Monday, December 12, 2011

What's it Worth? Harrison Fisher's women


From Mercury News: What's it Worth? Harrison Fisher's women
Q: I inherited a number of pictures signed "Harrison Fisher," and I'm trying to determine the value of them. The larger one carries a plea from Woodrow Wilson -- "I summon you to Comradeship in the Red Cross" -- and measures 30 by 39 inches. The second reads, "Have you answered the Red Cross Christmas Roll Call?" and is 20 by 27 inches. Each has a copyright date of 1918.

A: Harrison Fisher, sometimes referred to as "The Father of a Thousand Girls," was a hugely prolific illustrator. Fisher, son of landscape artist Hugo Anton Fisher, was born in Brooklyn, N.Y., in 1877. The family moved to Alameda in 1887 where, in addition to being instructed by his father, Fisher and his brother studied at the Mark Hopkins Institute of Art in San Francisco.

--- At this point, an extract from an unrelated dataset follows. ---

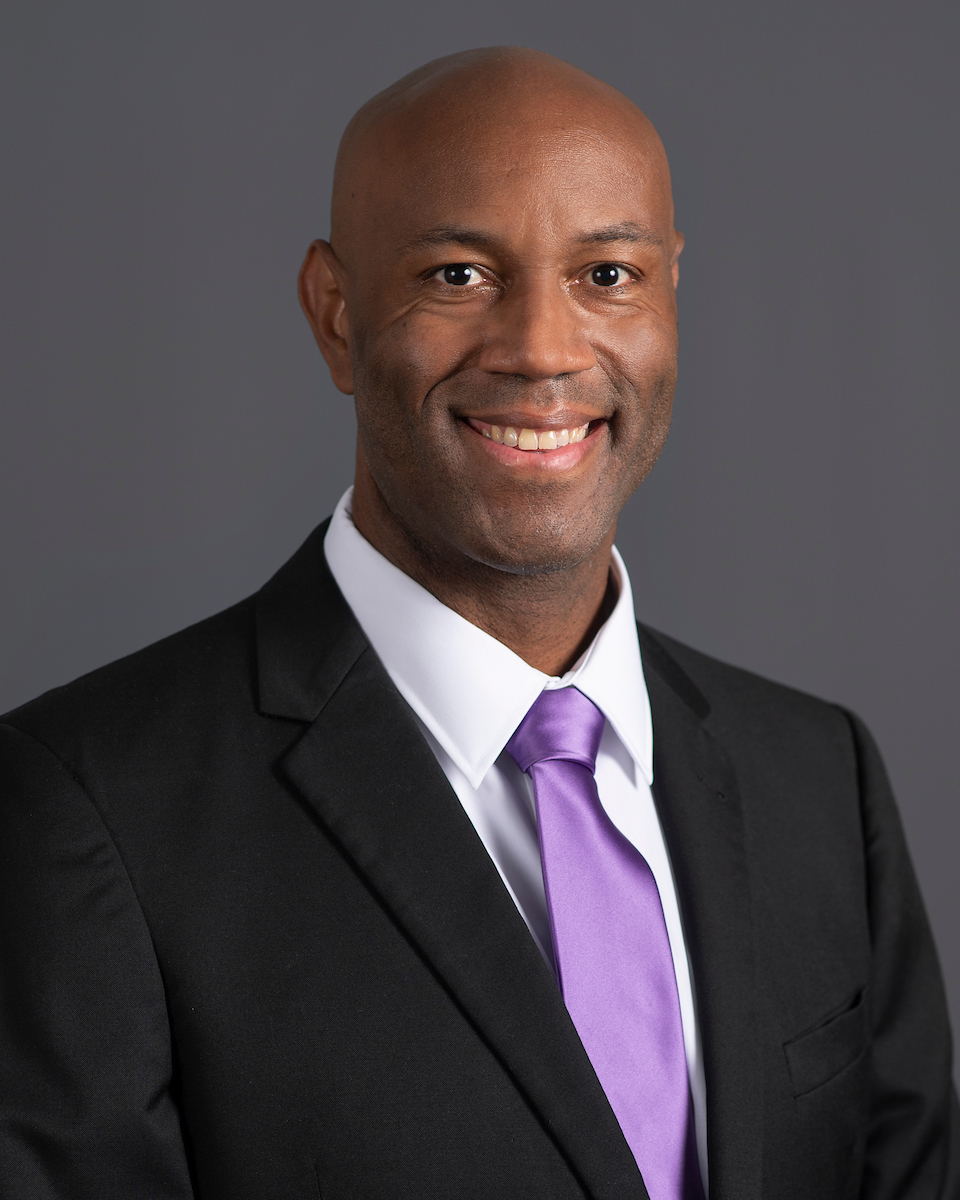 Dennis Thomas - HEAD - 2021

Fisher's goal in life was to become an illustrator and commercial painter, rather than striving to be a portraitist. At 17, he made his first sale, a drawing of an Indian maiden, to a playing card company; a year later his political cartoon, "Japan-Made America," appeared in the humor magazine Judge.

At age 18, Fisher began work as a staff illustrator for San Francisco's Morning Call while continuing to produce freelance magazine work. William Randolph Hearst, who later contracted Fisher to do a portrait of his mistress, Marion Davies, hired Fisher away from the Call and brought him to the Examiner as an illustrator of society functions and sporting events.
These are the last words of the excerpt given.